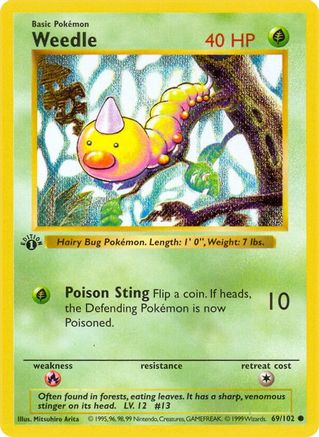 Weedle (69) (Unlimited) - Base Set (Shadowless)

========================================

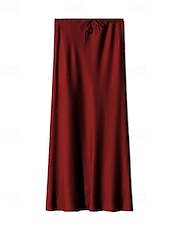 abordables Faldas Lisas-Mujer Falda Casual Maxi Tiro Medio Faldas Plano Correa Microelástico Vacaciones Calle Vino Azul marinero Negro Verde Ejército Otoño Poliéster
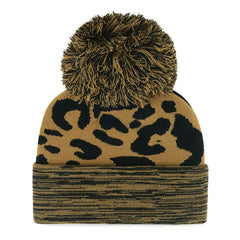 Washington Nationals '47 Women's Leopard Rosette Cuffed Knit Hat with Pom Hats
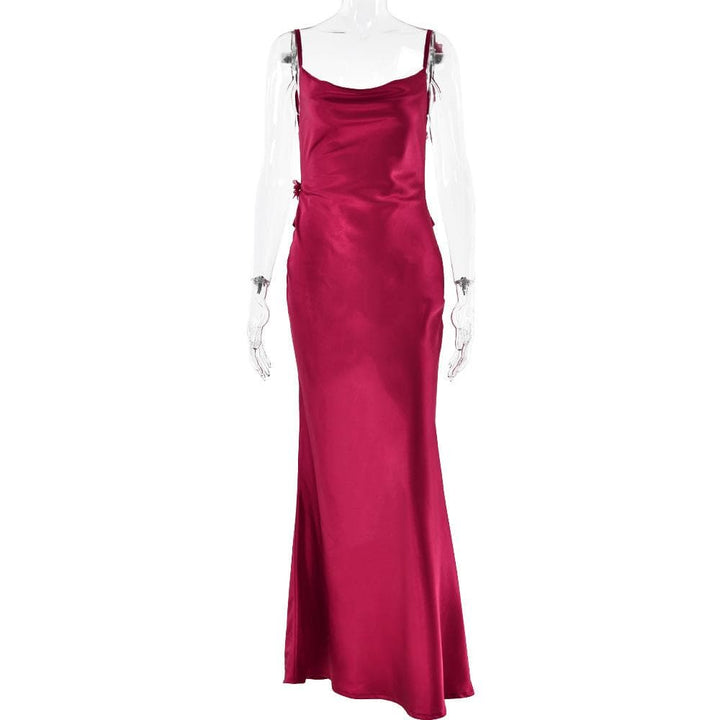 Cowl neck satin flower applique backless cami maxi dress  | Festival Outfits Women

========================================

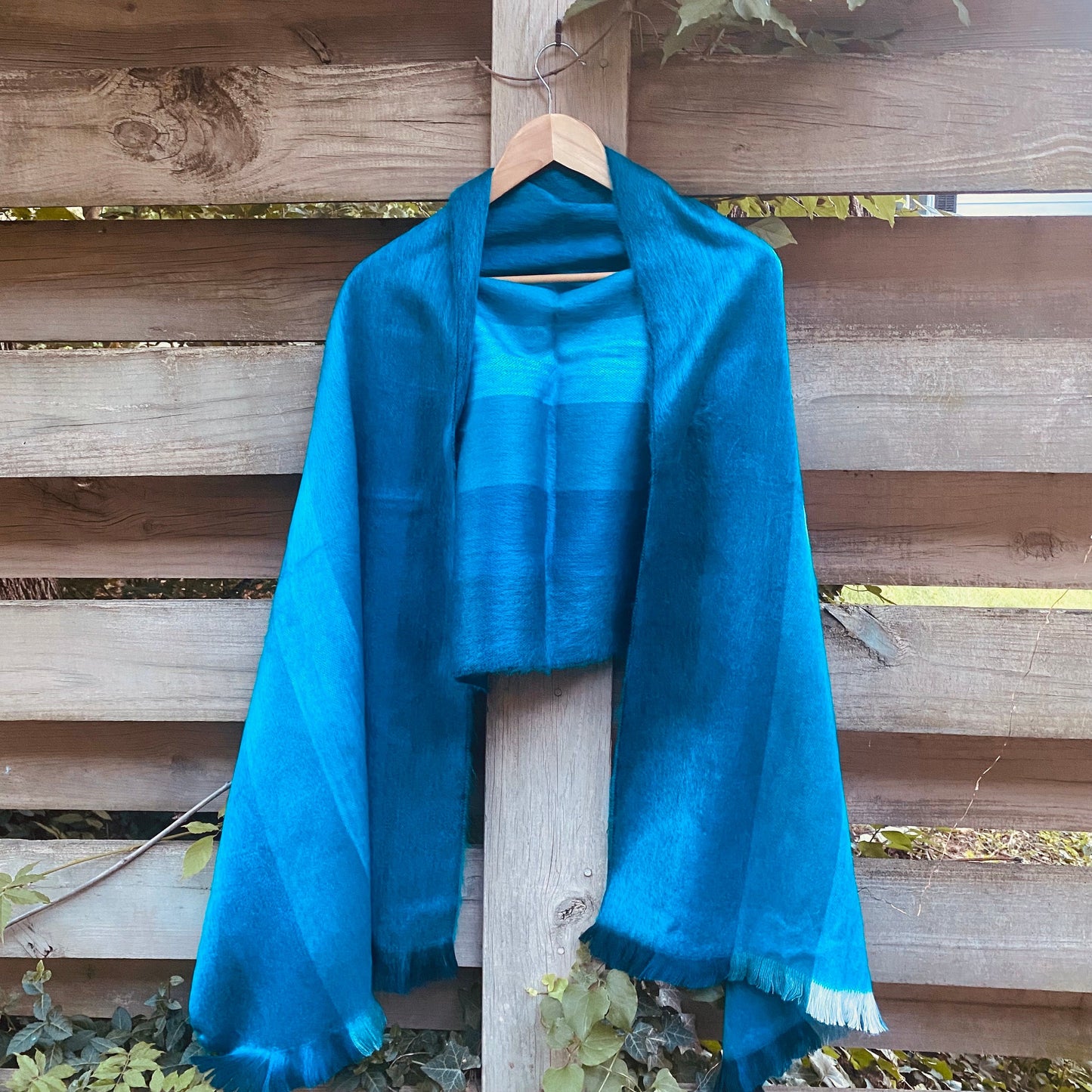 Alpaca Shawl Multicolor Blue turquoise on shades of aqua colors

========================================

WHAT IS BEING ASKED => Output only the stretch above from the line with "abordables Faldas Lisas-Mujer" through the line with "Cowl neck satin", reproduced exactly. Exclude pictures.

EXERCISE SOLUTION =>
 abordables Faldas Lisas-Mujer Falda Casual Maxi Tiro Medio Faldas Plano Correa Microelástico Vacaciones Calle Vino Azul marinero Negro Verde Ejército Otoño Poliéster
 Washington Nationals '47 Women's Leopard Rosette Cuffed Knit Hat with Pom Hats
 Cowl neck satin flower applique backless cami maxi dress  | Festival Outfits Women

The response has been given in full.